Quinoa flakes can be purchased here, though they would probably be cheaper in the bulk section of your coop: http://m.vitacost.com/products/ancient-harvest-organic-quinoa-flakes-gluten-free-12-oz-7

If you do not currently have access to quinoa flakes and need to substitute oats, use a blender to chop them up before using them in this recipe: Full disclosure: I haven't tried this because I can't eat oats. ;)


Thursday, June 5, 2014

Chocolate (or carob) Chia Seed Cream Pie

We've been really enjoying this for months, and somehow it slipped through the blogging cracks so I'm finally posting it now. It is a lovely snack or dessert and very adaptable. Since I'm now sweetener free, I use carob, which has a naturally sweet taste. I usually pour it into 1/2c mason jars and dole them out as desserts for lunches. Hope you enjoy it as much as we have! For people on THM, this is an S. Anyway, hope you enjoy it. Let me know if you like it! :)

1 can coconut milk (full fat or lite)
3T chia seeds
1 egg yolk (I often use 2, to get more nourishment into my family members)
1/4c cocoa powder plus eight drops stevia OR 1/4c carob powder
1t vanilla
1/2t orange oil
1T gelatin
1/4t salt
Heat coconut milk. Whisk in all other ingredients one by one, waiting to add gelatin until milk steams slightly. Continue to cook and stir until mixture thickens slightly. Bon appetit!

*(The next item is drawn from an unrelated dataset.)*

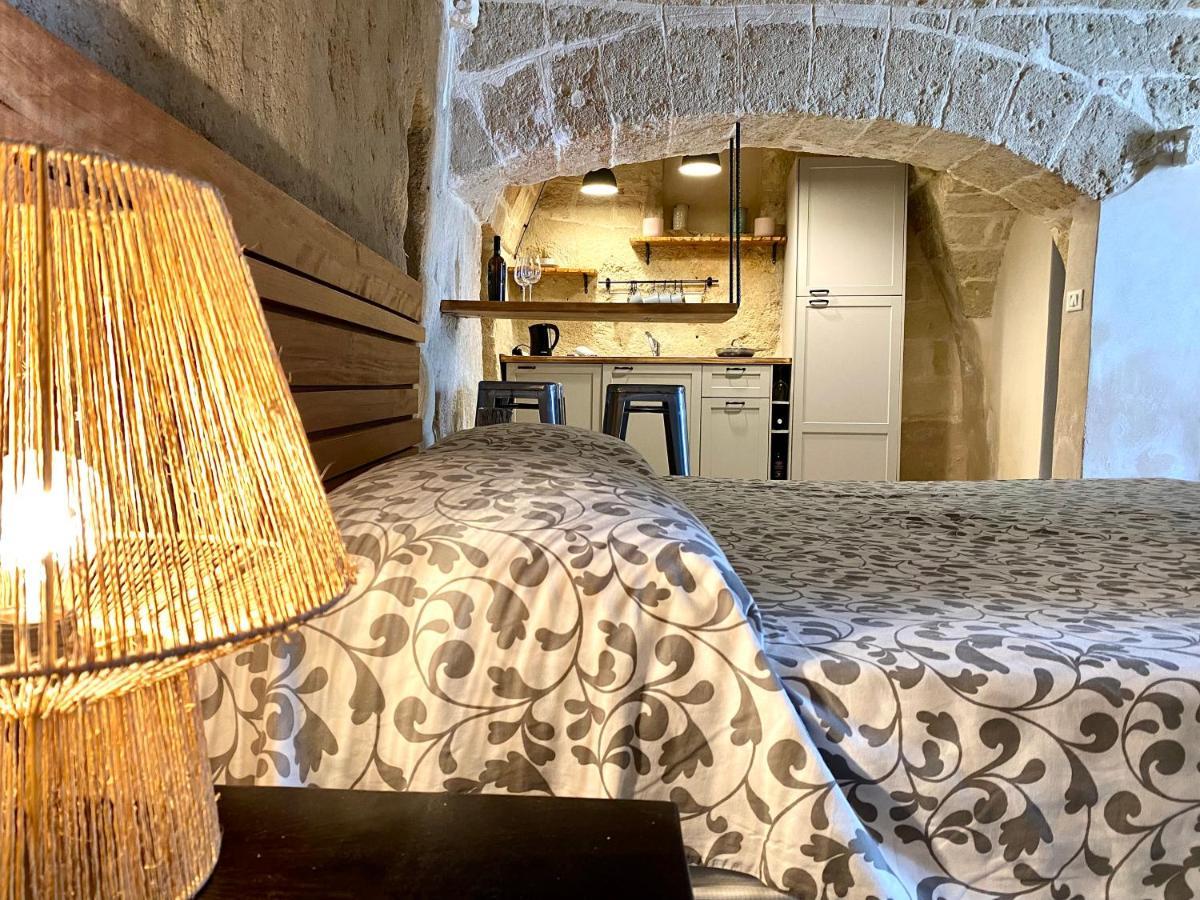 Casa Luisa - Puglia Mia Apartments Monopoli Extérieur photo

Note on September 23rd: I LOVE to double this recipe and put it in 1/2c jars. That makes a great pudding-to-go. I like to put the hot jars of pudding in a cold water bath so they seal, as this helps them keep (they must be refrigerated, of course). A double batch yields nine jars, which are great packed in lunches. 


Nutrition Facts for 6 Servings
Full fat coconut milk and chocolate:
fat 15g, protein 3g, net carb 3.5g
Lite coconut milk and chocolate:
fat 7g, protein 2g, net carb 2g
Full fat coconut milk and carob:
fat 14.7g, protein 2.4g, net carb  4.5
Lite coconut milk and carob:
fat 6.8g, protein 1.6g, net carb 3g

Note on 10/4/14: I most often make this with full fat coconut milk and carob, and add an extra egg yolk. It is delish this way and I make it more for my family than myself, though I occasionally will have one. Usually I get four servings per batch. To satisfy my own curiosity, I ran the numbers on this and found that the nutrition facts, served this way, are 23g fat, 4.23g protein, and a whopping 6.9 usable carbs.  If you are a THM, try not to add any other carb source to this S meal, but please do make sure to add another source of protein.